Why does Liesel steal books in The Book Thief?
Liesel first discovers a book called The Gravedigger's Handbook when her brother dies, and she holds onto the book until her foster father, Hans Hubermann, teaches her how to read it. Hans and Liesel practice reading and writing together by painting letters on the basement walls in Hans's house. As Liesel and Hans develop into better readers, they develop confidence in themselves as independent thinkers who can resist the Nazi regime. Hans and his wife decide to provide refuge to a Jewish prizefighter named Max Vanderburg, who also has a love of words, something he shares with Liesel. As time goes on, Liesel breaks into the Mayor's library to steal books. Her actions are a means of educating herself and, in the process, resisting the Nazi regime, which burns the books it does not agree with. In Liesel's life, literacy and reading function as a means of resistance against the brutality and inhumanity of the Nazis.
In the beginning of the book Leisel and her mother have gone to the cemetery. Liesal's mother had carried her brother's limp body there. The grave diggers dig a burial site for her brother. While there with her mother Liesel sees something. She picks it up. It is a book. The title is "The Grave Digger's Handbook."
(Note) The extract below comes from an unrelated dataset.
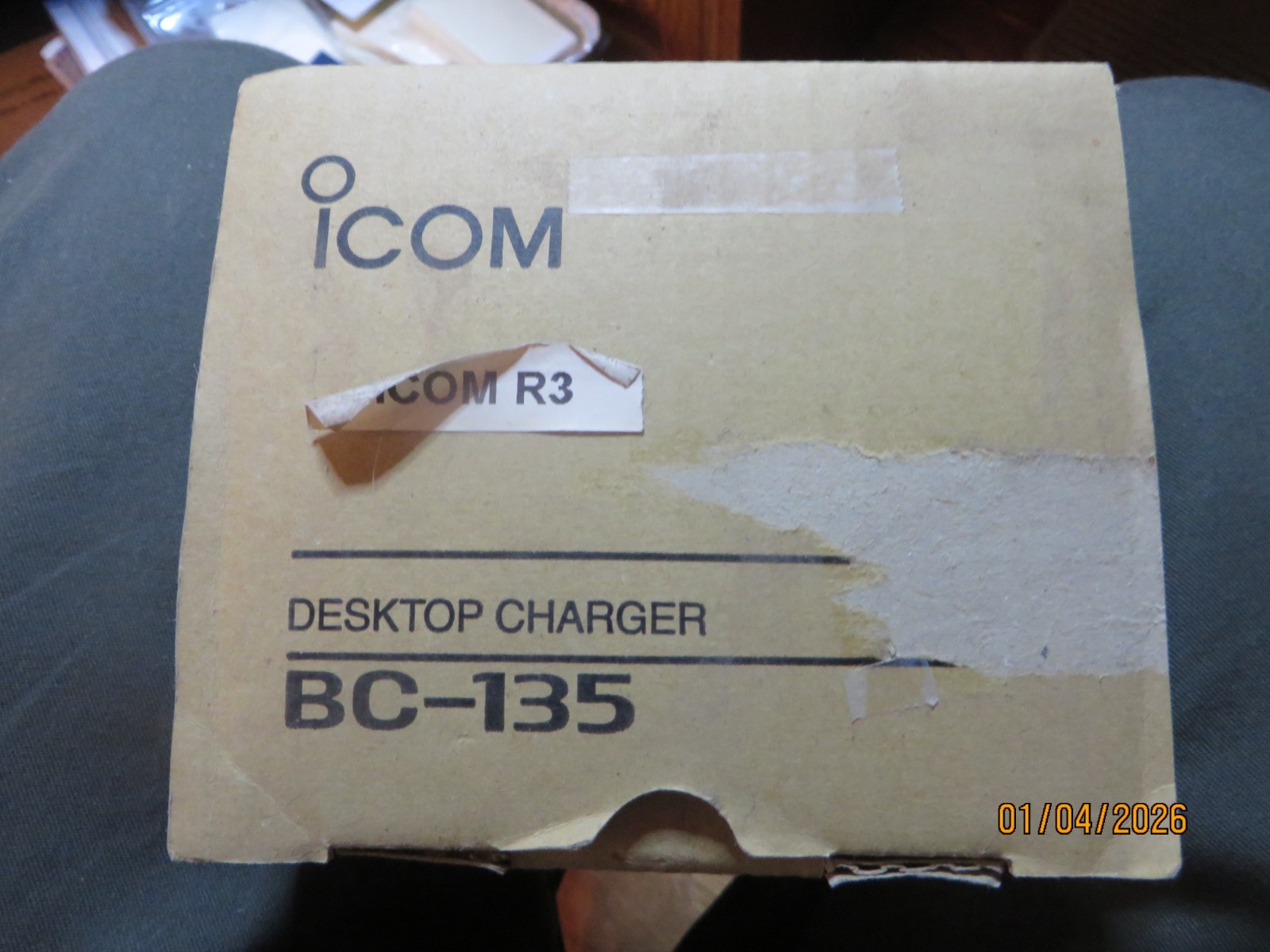 ICOM IC-R3 Handheld Wideband Communications Receiver .495 to 2450 MHz ++++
Liesal hangs onto the book. Her mother sends her to live with a foster family in another town on Himmel Street. Liesel rubs the book in her hands. The book is all she has left to remind her of her brother.
"***THE BOOKS MEANING***
1-The last time she saw her brother.
2-The last time she saw her mother.
Liesel is unable to read or write. Yet, she wants to be able to read. Hans Huberman her foster father begins to teach her how to read. Books are in short supply so he teaches her to read the book she had stolen. Liesel then steals books from book burnings by the Nazis and from the mayor's house. Liesel has a thirst for knowledge and the books provide her with both knowledge and escape from the sadness of her mother's abandonment.